## skpro probability distributions

**Set-up instructions:** On binder, this should run out-of-the-box.

To run locally instead, ensure that `skpro` with basic dependency requirements is installed in your python environment.

`skpro` provides a unified interface to probability distributions, with an API that:

* is `scikit-learn` and `scikit-base` compliant, parametric objects with `get_params`, `set_params`
* allows to represent data frame and 2D arrays of distributions easily, as return objects in `predict_proba`
* is `pandas` copmliant, with `index`, `columns`, indexing and subsetting via `iloc`, `loc`
* provides easy access to informative and didactic vicualizations via `matplotlib`

**Section 1** provides an **overview of core API elements**

**Section 2** gives an overview of **probability defining methods**, relevant tags and configs

**Section 3** introduces **composite distributions** and related APIs

**Section 4** gives an introduction to writing API compliant **custom probability distributions**

In [None]:
# hide warnings
import warnings

warnings.filterwarnings("ignore")

## 1. `skpro` probability distributions <a class="anchor" id="chapter1"></a>

### 1.1 probability distributions base interface

`skpro` distributions are parametric objects:

In [None]:
from skpro.distributions import Normal

# defining a normal distribution with mean 1 and std 2
n = Normal(mu=1, sigma=2)

n

The object `n` is a symbolic representation of a normal distribution.

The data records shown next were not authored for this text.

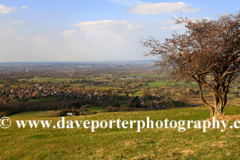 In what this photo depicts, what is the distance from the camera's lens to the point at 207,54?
39.1ft

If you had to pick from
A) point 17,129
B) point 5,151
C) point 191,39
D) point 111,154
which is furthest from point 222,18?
point 17,129

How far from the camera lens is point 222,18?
41.5ft

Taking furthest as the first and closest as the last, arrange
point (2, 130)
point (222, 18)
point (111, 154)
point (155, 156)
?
point (2, 130) → point (222, 18) → point (111, 154) → point (155, 156)

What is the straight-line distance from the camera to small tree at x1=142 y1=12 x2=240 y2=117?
12.1 meters

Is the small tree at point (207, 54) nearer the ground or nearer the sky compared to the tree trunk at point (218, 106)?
nearer the sky

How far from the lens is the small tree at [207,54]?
12.1 meters

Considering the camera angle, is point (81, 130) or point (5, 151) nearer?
point (5, 151)

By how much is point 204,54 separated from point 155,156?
7.30 m

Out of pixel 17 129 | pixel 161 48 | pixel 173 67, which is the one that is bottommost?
pixel 17 129

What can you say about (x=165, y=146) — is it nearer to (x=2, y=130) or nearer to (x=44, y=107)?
(x=2, y=130)

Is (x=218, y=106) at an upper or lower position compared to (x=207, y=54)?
lower

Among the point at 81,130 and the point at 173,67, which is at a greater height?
the point at 173,67

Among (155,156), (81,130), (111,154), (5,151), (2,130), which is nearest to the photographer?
(155,156)

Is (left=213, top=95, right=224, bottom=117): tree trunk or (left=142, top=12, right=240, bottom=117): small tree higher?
(left=142, top=12, right=240, bottom=117): small tree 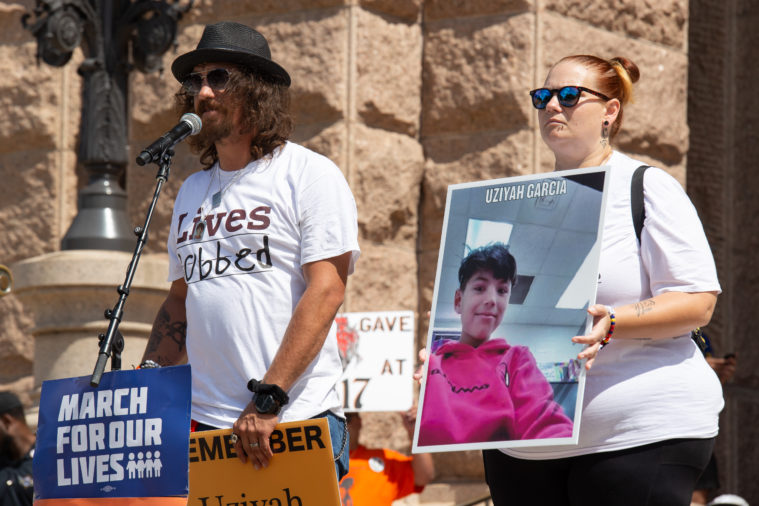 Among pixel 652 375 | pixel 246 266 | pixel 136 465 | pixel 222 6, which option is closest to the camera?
pixel 652 375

The object provides various useful methods:

* properties and functions such as `pdf`, `cdf`, `mean`, `var`
* a method to sample from the distribution, `sample`
* a method to visualize the distribution, `plot`

In [None]:
n.plot("pdf")

In [None]:
# evaluate the pdf, compare the figure
n.pdf(2)

In [None]:
# mean/expectation of the distribution
# same as mu, for normal
n.mean()

In [None]:
# variance of the distribution
# same as sigma-squared, for normal
n.var()

In [None]:
# plot the cdf
n.plot("cdf")

In [None]:
n.cdf(1)

the `sample` method can be used to produce a single independent sample, or multiple:

In [None]:
# produce single sample
n.sample()

In [None]:
# produce an i.i.d. sample of size 10
n.sample(10)
# returned as a pd.DataFrame

parameters can be set and accessed via `get_params`, `set_params` - like in `scikit-learn`

In [None]:
n.get_params()

### 1.2 DataFrame-like distributions, array distributions

`skpro` distributions are designed to easily represent DataFrame-like distributions,

i.e., array distributions with row (instance) index and column (variable) index

all distributions can be constructed as a DataFrame-like distribution:

In [None]:
from skpro.distributions import Normal

instance_names = [1, 2, 3]
variable_names = ["foo", "bar"]

# the syntax is similar to pandas:
# parameters passed as arrays
# index, columns passed

mus = [[1, 2], [2, 3], [3, 4]]
sigmas = [[1, 1], [2, 1], [1, 2]]
n = Normal(mu=mus, sigma=sigmas, index=instance_names, columns=variable_names)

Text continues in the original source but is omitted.